» Work to be completed: Having found the line containing "2PCS Car License" in the records below, copy that line and each later one exactly, dropping pictures.

» Records:
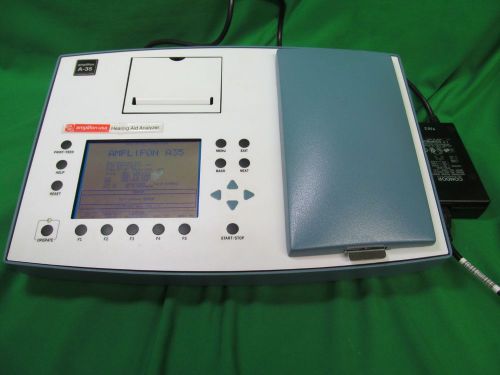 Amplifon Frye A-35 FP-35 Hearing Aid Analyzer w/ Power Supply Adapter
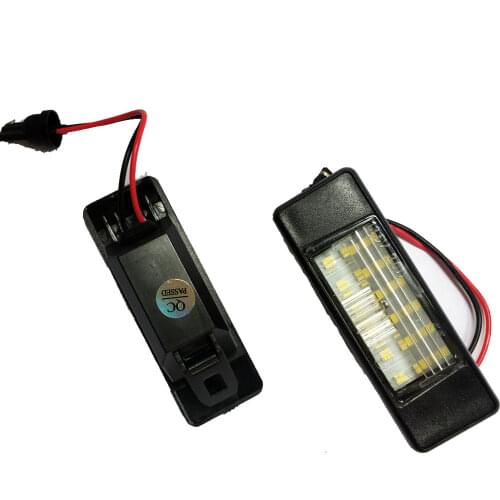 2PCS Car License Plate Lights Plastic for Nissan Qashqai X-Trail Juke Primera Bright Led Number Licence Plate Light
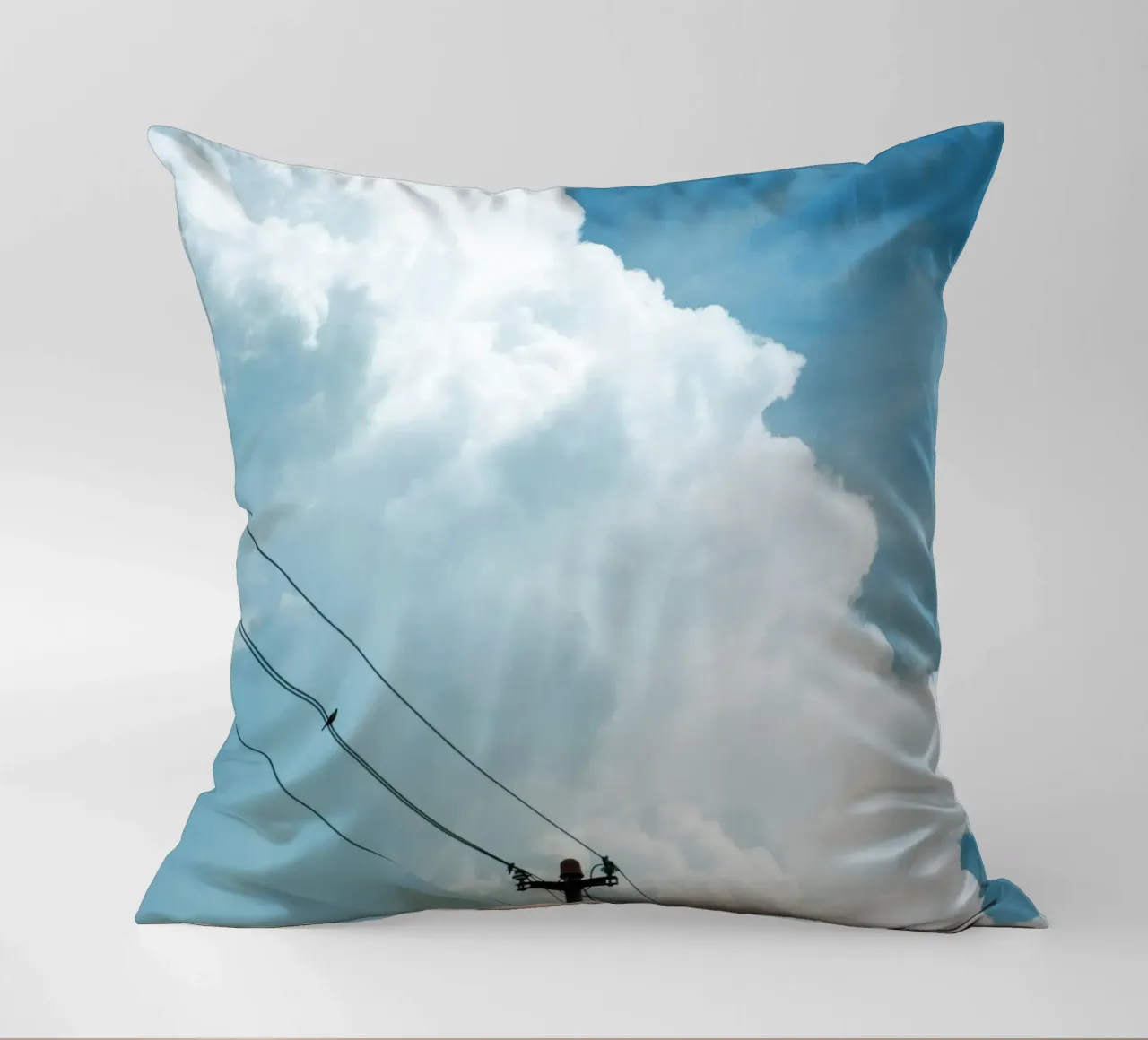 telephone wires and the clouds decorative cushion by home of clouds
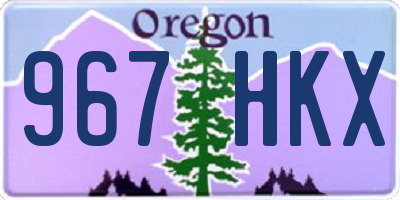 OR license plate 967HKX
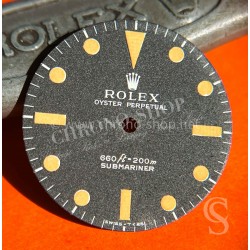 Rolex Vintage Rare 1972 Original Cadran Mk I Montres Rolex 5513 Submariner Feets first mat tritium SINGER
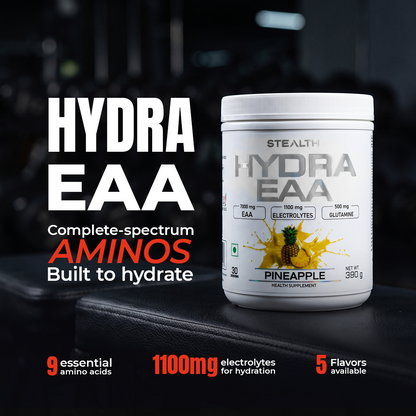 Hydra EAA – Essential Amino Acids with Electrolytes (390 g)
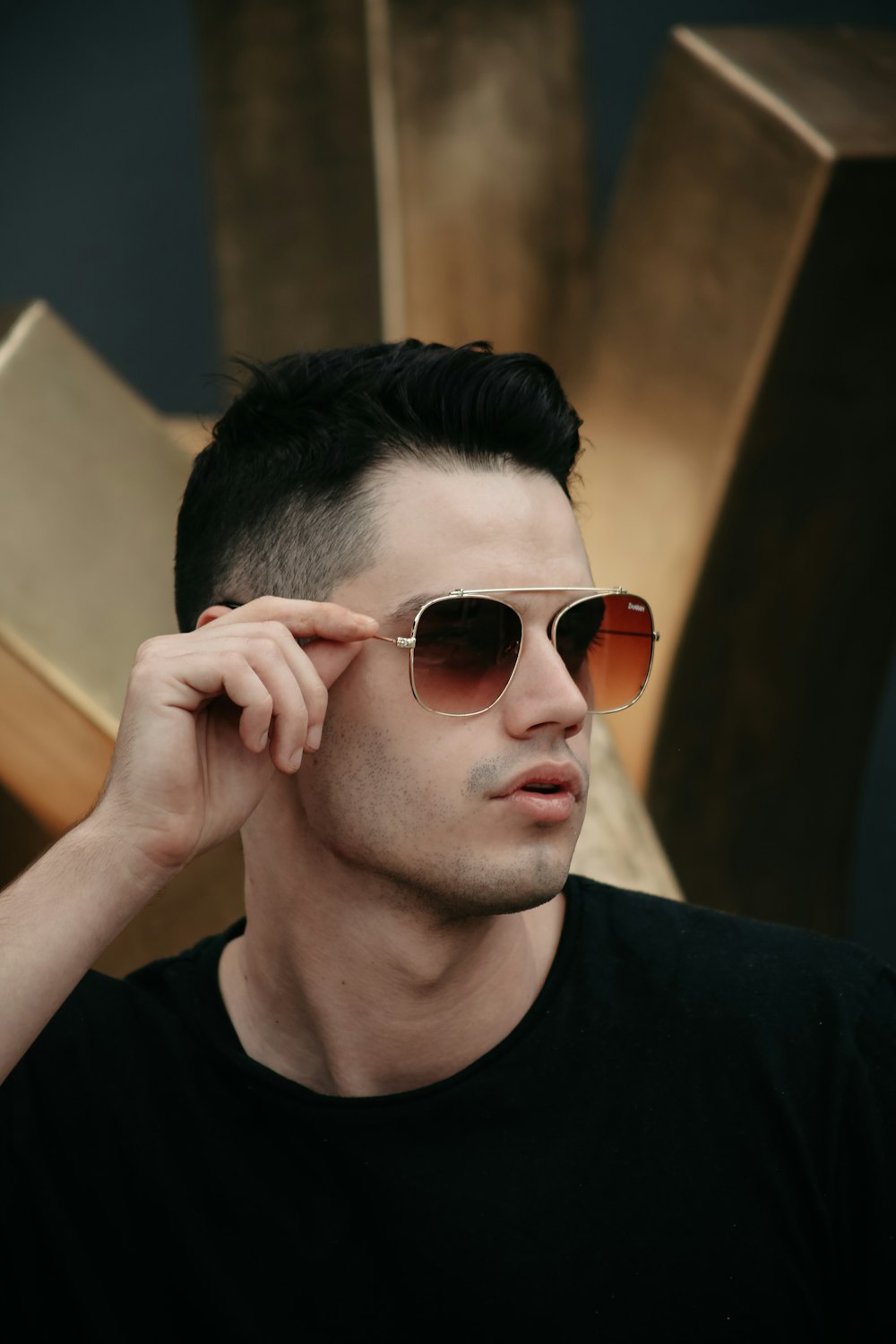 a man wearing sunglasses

» Written response:
 2PCS Car License Plate Lights Plastic for Nissan Qashqai X-Trail Juke Primera Bright Led Number Licence Plate Light
 telephone wires and the clouds decorative cushion by home of clouds
 OR license plate 967HKX
 Rolex Vintage Rare 1972 Original Cadran Mk I Montres Rolex 5513 Submariner Feets first mat tritium SINGER
 Hydra EAA – Essential Amino Acids with Electrolytes (390 g)
 a man wearing sunglasses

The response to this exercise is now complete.